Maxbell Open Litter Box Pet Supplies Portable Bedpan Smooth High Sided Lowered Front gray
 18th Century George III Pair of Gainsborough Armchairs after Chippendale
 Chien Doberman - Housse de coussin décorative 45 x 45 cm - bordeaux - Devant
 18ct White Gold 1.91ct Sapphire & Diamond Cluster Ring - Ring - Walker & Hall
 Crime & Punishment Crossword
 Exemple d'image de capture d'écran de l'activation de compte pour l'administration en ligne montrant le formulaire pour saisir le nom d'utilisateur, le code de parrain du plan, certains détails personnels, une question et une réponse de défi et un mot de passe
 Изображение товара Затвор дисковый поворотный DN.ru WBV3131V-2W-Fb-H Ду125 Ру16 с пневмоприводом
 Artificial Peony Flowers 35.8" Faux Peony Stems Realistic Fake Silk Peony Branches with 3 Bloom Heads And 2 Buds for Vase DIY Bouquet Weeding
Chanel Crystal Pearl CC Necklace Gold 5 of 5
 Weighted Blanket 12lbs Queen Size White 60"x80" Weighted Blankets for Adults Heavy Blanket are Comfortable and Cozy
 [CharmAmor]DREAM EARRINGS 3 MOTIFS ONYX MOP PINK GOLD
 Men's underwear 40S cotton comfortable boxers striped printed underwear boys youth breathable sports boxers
☆ ☆ ☆ ☆ ☆
■ **WHAT YOU NEED TO DO**
Set down only the line containing "Artificial Peony Flowers" and the lines after it through the end, exactly as they appear above.

■ **REPLY TO THE TASK**
 Artificial Peony Flowers 35.8" Faux Peony Stems Realistic Fake Silk Peony Branches with 3 Bloom Heads And 2 Buds for Vase DIY Bouquet Weeding
Chanel Crystal Pearl CC Necklace Gold 5 of 5
 Weighted Blanket 12lbs Queen Size White 60"x80" Weighted Blankets for Adults Heavy Blanket are Comfortable and Cozy
 [CharmAmor]DREAM EARRINGS 3 MOTIFS ONYX MOP PINK GOLD
 Men's underwear 40S cotton comfortable boxers striped printed underwear boys youth breathable sports boxers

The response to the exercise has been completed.